Memory does not re-create the game’s vivid colors and perfect symmetry, both of which were meant to train a young mind’s capacity for recall and their sensitivity to a particular archetypal aesthetic register. For Saadé, memory is not repetition, it is a projection of the mind. The work’s intention is not to have the viewer experience her childhood by way of abstraction. Instead, the circular dance of silhouettes, like the circular progression of volumes in À Rebours, invite the viewer to join.

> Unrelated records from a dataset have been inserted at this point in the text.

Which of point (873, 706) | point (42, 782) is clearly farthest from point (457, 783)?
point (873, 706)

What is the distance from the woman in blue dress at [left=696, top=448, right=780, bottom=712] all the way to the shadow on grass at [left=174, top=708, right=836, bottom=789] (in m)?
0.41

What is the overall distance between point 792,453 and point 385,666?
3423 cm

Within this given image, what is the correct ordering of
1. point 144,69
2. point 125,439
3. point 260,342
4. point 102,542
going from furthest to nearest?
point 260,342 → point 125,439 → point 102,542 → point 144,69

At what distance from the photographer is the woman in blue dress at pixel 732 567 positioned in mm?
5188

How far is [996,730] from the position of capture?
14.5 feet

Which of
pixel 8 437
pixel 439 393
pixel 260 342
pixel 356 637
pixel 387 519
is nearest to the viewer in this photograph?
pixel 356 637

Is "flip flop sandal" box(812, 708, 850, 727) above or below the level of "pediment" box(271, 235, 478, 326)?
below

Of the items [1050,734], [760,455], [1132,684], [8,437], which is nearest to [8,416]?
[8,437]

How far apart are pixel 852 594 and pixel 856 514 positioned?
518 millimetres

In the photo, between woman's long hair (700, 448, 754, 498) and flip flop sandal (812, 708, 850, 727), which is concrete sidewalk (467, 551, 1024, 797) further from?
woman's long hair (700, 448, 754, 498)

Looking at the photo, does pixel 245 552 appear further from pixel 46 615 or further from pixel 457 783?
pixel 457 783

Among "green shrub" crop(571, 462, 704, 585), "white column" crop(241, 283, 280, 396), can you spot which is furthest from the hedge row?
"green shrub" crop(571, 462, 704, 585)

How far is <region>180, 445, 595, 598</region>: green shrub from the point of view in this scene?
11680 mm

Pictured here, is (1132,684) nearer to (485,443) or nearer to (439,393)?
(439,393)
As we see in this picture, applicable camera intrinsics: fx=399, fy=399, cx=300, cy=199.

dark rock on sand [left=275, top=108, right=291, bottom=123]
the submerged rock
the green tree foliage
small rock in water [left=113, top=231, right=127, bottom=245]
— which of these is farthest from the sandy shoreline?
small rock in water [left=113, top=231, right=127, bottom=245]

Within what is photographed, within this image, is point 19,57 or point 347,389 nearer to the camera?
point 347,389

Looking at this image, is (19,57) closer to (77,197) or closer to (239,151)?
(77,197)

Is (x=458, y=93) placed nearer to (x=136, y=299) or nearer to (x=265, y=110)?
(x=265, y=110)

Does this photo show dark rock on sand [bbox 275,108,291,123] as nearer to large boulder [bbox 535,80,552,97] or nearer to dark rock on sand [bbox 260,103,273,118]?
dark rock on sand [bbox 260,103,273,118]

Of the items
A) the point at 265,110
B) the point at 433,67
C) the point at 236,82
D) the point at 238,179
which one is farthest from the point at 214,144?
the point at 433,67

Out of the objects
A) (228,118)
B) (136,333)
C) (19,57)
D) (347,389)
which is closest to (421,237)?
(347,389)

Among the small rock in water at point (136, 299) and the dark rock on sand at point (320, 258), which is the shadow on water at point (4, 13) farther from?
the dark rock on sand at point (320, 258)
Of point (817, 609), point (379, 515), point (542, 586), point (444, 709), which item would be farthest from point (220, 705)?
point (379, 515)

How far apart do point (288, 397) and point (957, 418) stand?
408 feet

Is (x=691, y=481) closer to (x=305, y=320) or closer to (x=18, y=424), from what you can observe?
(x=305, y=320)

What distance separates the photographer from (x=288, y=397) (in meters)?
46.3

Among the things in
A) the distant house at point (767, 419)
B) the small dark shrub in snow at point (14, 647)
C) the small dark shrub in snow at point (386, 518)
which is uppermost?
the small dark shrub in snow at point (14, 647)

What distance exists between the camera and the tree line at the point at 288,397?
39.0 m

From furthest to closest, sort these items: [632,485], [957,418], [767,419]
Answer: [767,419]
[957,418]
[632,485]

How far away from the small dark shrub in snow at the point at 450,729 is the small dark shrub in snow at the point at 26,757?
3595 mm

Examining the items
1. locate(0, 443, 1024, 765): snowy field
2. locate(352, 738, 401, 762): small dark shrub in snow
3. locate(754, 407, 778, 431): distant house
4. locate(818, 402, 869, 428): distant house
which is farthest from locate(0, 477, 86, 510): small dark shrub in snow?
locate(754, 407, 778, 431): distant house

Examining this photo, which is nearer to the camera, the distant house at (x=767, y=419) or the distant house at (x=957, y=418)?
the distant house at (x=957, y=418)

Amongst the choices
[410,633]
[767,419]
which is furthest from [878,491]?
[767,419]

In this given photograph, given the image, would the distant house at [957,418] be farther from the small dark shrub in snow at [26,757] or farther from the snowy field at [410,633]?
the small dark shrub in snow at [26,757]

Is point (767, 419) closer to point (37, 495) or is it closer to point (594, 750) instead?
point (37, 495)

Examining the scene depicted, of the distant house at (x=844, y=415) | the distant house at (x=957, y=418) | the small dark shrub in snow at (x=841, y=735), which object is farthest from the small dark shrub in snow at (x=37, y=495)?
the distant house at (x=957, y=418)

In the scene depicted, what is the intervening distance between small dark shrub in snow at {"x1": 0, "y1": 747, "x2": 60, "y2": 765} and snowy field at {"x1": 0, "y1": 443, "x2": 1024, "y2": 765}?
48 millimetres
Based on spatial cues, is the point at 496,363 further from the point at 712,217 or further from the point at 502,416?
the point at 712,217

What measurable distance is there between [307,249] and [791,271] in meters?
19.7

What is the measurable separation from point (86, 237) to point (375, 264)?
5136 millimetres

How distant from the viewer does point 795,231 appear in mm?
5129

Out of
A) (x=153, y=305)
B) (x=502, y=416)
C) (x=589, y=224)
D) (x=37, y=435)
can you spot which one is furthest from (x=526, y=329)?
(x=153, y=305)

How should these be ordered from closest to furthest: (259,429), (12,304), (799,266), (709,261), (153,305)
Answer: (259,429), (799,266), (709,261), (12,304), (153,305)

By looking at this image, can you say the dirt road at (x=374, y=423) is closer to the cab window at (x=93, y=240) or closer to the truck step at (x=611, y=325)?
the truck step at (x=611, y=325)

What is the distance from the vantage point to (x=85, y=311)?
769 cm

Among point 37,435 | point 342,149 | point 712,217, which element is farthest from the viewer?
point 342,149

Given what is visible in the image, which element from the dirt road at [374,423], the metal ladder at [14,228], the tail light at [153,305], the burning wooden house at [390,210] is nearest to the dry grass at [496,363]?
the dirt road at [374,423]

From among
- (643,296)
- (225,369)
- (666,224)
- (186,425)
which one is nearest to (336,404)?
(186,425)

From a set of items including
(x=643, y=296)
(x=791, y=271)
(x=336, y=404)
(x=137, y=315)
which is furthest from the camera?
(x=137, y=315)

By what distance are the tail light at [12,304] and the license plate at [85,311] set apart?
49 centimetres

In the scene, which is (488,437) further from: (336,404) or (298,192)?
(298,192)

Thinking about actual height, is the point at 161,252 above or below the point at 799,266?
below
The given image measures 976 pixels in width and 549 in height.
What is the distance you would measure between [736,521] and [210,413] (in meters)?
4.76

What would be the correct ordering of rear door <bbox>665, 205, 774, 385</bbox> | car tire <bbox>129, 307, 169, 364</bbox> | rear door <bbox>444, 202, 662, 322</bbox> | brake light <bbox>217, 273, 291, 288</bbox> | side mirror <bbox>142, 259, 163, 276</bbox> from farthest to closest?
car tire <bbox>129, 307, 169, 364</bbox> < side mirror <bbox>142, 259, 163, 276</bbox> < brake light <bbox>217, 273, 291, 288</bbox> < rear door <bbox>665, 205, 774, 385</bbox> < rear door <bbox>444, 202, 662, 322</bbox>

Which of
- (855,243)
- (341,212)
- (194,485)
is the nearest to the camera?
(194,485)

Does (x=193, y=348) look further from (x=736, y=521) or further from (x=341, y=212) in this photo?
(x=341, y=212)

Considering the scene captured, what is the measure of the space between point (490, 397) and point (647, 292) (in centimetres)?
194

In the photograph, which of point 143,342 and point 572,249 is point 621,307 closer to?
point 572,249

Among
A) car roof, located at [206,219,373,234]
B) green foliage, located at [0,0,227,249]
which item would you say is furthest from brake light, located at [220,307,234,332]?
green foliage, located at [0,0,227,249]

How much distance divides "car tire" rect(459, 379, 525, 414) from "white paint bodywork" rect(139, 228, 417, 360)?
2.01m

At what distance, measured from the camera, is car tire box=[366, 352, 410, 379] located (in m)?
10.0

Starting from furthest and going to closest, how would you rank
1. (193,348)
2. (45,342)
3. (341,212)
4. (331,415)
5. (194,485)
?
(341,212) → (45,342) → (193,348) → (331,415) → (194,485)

The play of forms (shapes, narratives, trajectories) creates an open space, one that is abstract yet grounded through its indexical references to the artist’s experience. A novel for the end of an age, maps for country at war, bright shapes leaping through the dark (has the electricity been cut again?)—all propose memory as isolated refuge, but also as a warning.

Natasha Marie Llorens
Translation by Émilie Notéris
July 2020

(1) Bettina L. Knapp, “Huysmans’s “Against the Grain”: The Willed Exile of the Introverted Decadent,” Nineteenth-Century French Studies, Fall—Winter 1991—1992, Vol. 20, No. 1/2, 203.
(2) Ibid
(3) Joris-Karl Huysmans, Against the Grain, trans. John Howard (New York: Lieber & Lewis, 1922), 45.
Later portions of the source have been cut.